I already covered the second "secret" in this article, but it bears repeating. In the pre-11n days, I had stopped testing wireless products for WEP-enabled throughput reduction. The reason was that all products had built in the hardware encryption engine needed to handle the heavier calculations required by WPA and WPA2. So I no longer was able to find a throughput reduction greater than my measurement technique could detect.
But all that changed with draft 11n.
My testing has shown a 28 to 75% reduction in draft 11n product throughput with WEP enabled, with the Atheros chipset turning in the highest reduction (Figure 5) and the Marvell the least (Figure 4).
Figure 4: Security mode throughput loss - downlink
Even WPA/TKIP has shown throughput hits of 35 to 77%. The Atheros and Marvell chipsets again turn in the highest and lowest throughput reductions respectively (Figure 5).
Figure 5: Security mode throughput loss - uplink
So it would seem that WPA2 which uses AES, is the only way to go for draft 11n wireless security.
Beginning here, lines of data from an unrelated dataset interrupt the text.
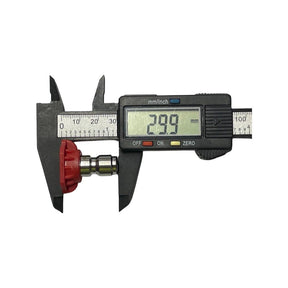 THE NOZZLE for P3500PWA-B37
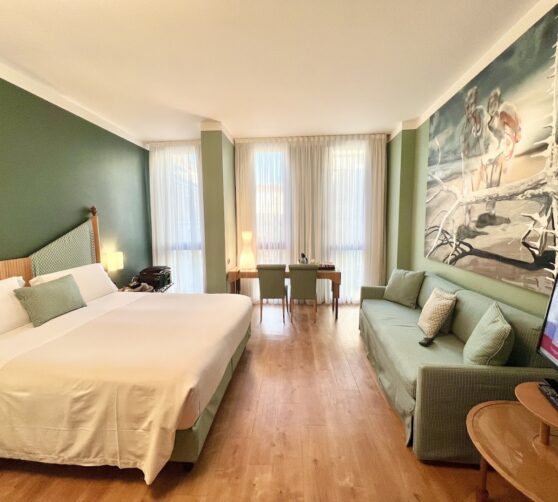 Hotel Spadari al Duomo · 3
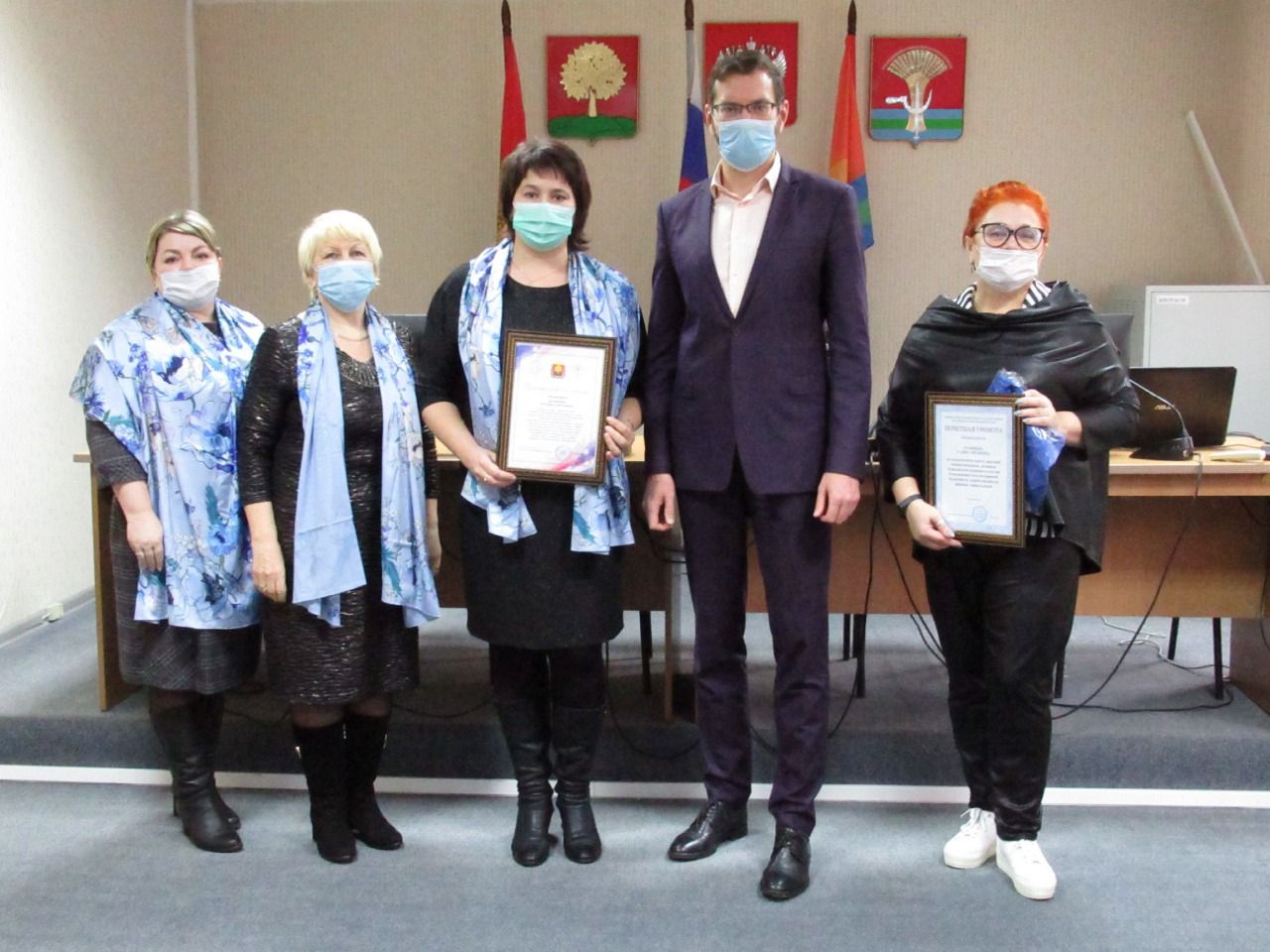 Подвели итоги и обозначили цели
But, even then, the data shows that uplink throughput loss with WPA2 can still be significant, i.e. up to 35%!
In contrast, Figure 6 shows security mode performance that you can expect from a typical < $50 802.11g router. The plot shows a comparison of throughput with WEP 128, WPA/TKIP, WPA2 and no encryption for a Trendnet TEW-452BRP router and matching TEW-441PPC notebook card. All three security modes have performance within 5% of unencrypted performance, which is within the resolution of the measurement technique.
Figure 6: Security mode throughput loss - Trendnet TEW-452BRP
By comparison, Figure 7 shows the same mode comparison for a D-Link DIR-655 draft 11n router and DWA-652 Notebook card.
Figure 7: Security mode throughput loss - D-Link DIR-655
This time you see an almost 80% throughput loss for WEP128 and WPA/TKIP!